The official CPython core development team has finally switched from Subversion to Mercurial, after years of planning. This is very good news for both core developers and casual contributors.

Working with Subversion when you can't commit changes is very frustrating, because you're basically without source control. For experienced developers accustomed to having a VCS to protect them at all times, this is hard to get used to. Personally, before I became a core Python developer I was using my own Mercurial clone to work on patches locally before submitting them to the Issue tracker.

Now, everyone interested contributing to Python can clone the repository and do his work locally, committing changes to his heart's wishes and enjoying all the benefits of source control. I think this makes the contribution process easier and has a chance to attract more contributors to the project, which would be great. Not to mention that Mercurial is IMHO a better and more powerful VCS than Subversion in general.

Core developers also benefit from the power of Mercurial vs. Subversion, especially when working on non-trivial patches that take longer than a couple of hours to develop. These changes can be managed either by commits to a local repo (with a collapse of all commits to a single one before pushing), or using the mq extension (which is recommended by the new developer guide).

The full local repo is also a blessing in at least two other use cases:

  1. Perusing the repo logs and diffing old revisions is now almost instant, since the whole repo is local - this is an important time-saver when doing some archaeological research on the code-base (which has to be done quite often in complex long-running projects).
  2. You have all the history and can commit changes even when offline.

Mercurial manages these repositories in a highly space-efficient manner. On my Ubuntu machine, a Mercurial repo of py3k (the latest development revision) with the executables and docs built is only 50% larger than the corresponding Subversion working directory. Not much of an overhead for having the full project history locally. Mercurial's local clones use hard links, so having multiple clones of the same repo locally is almost free in terms of disk space.

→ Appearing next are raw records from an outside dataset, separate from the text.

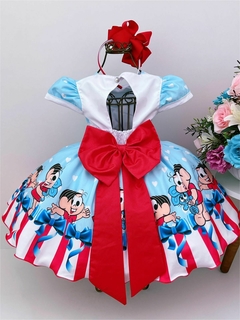 Vestido de Festa Luxo Infantil Monica Acompanha Tiara - Espaço Mary Kids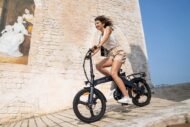 DYU vélo pliant prix abordable, vélo électrique pliable puissant
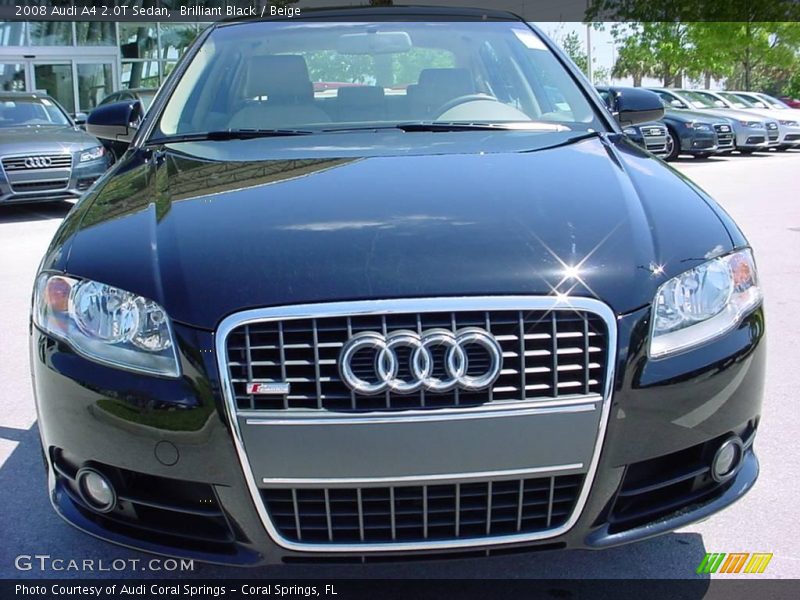 Brilliant Black / Beige 2008 Audi A4 2.0T Sedan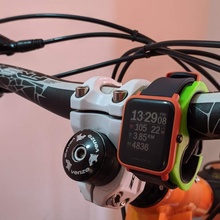 universal smartwatch - pulsometer holder bike mtb cateye amazfit 3d print model - Mito3D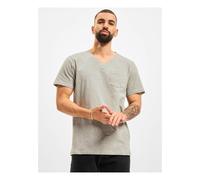 DEF T-Shirt Maglia Top T Shirt Scollo A V 100% Cotone Base Tutti i Giorni Uomo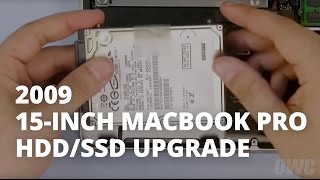 How To Upgrade A 15 Inch Macbook Pro Mid 09 Hard Drive Ssd Youtube
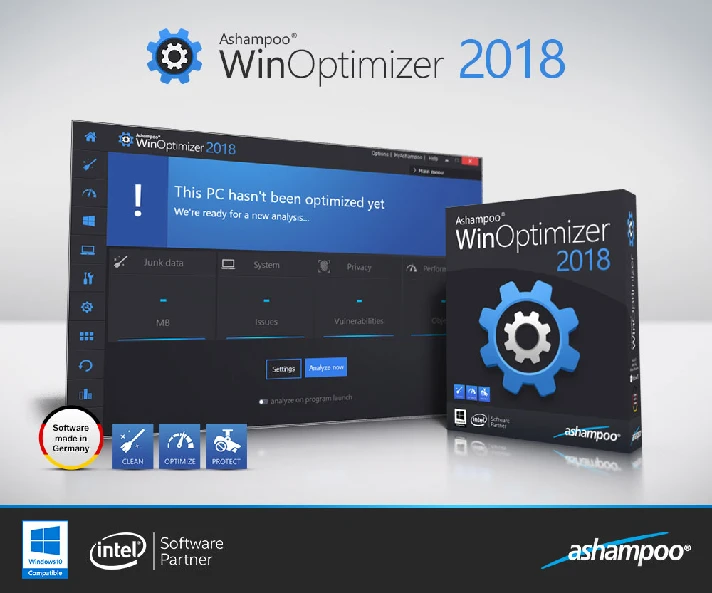 Ashampoo WinOptimizer 2018 (Lifetime license) (Key)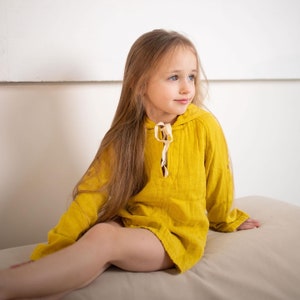 baby boy muslin yellow shirt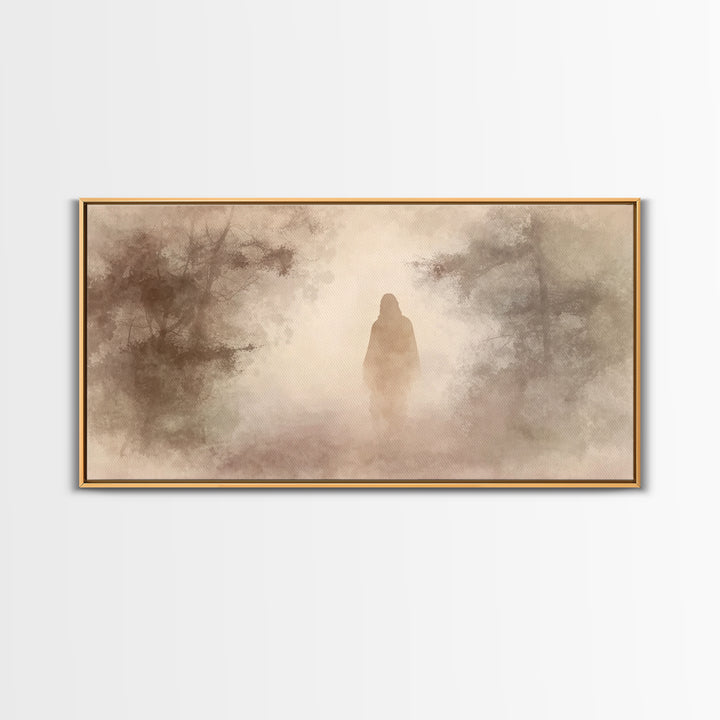 Path Of Salvation – Framed Canvas Print – Christian Wall Art – Christian Christmas Art – Jesus Canvas Art – Christian Decor – Jesus Art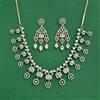 Cz Classic Necklace Set With Mehndi Plating
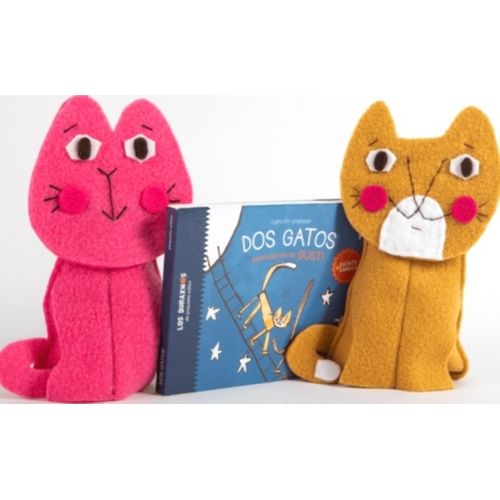 COMBO LIBRO DOS GATOS + TITERES - LUIS M PESCETTI / GUSTI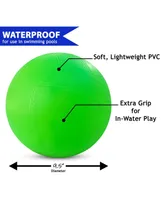 Botabee Youth Swimming Pool and Beach Volleyball | Pool Volleyball with Oversized 30" Circumference for Easy Hitting | Lightweight and Soft Pvc for Ki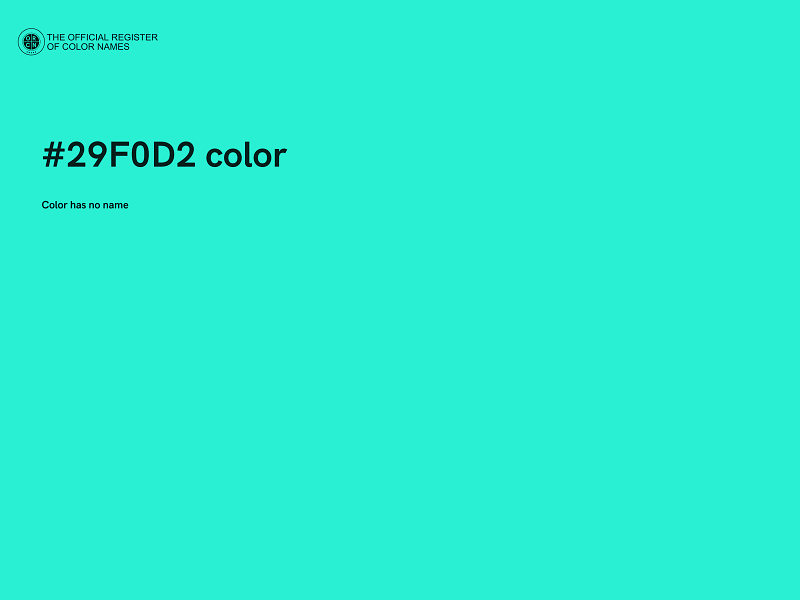 #29F0D2 color image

Moving to Mercurial is also a kind-of dogfooding for Python, since Mercurial is one of the best known pure-Python projects. Being written in Python means that it's very easy to develop plugins and custom extensions for Mercurial. In fact, the Python core devs have already implemented a few useful plugins - for example one that sends automatic messages to the issue tracker once a commit is made that mentions some issue. This is very useful for "done, committed in revision XXX" notes on the tracker, which one used to have to remember adding, and now are done automatically.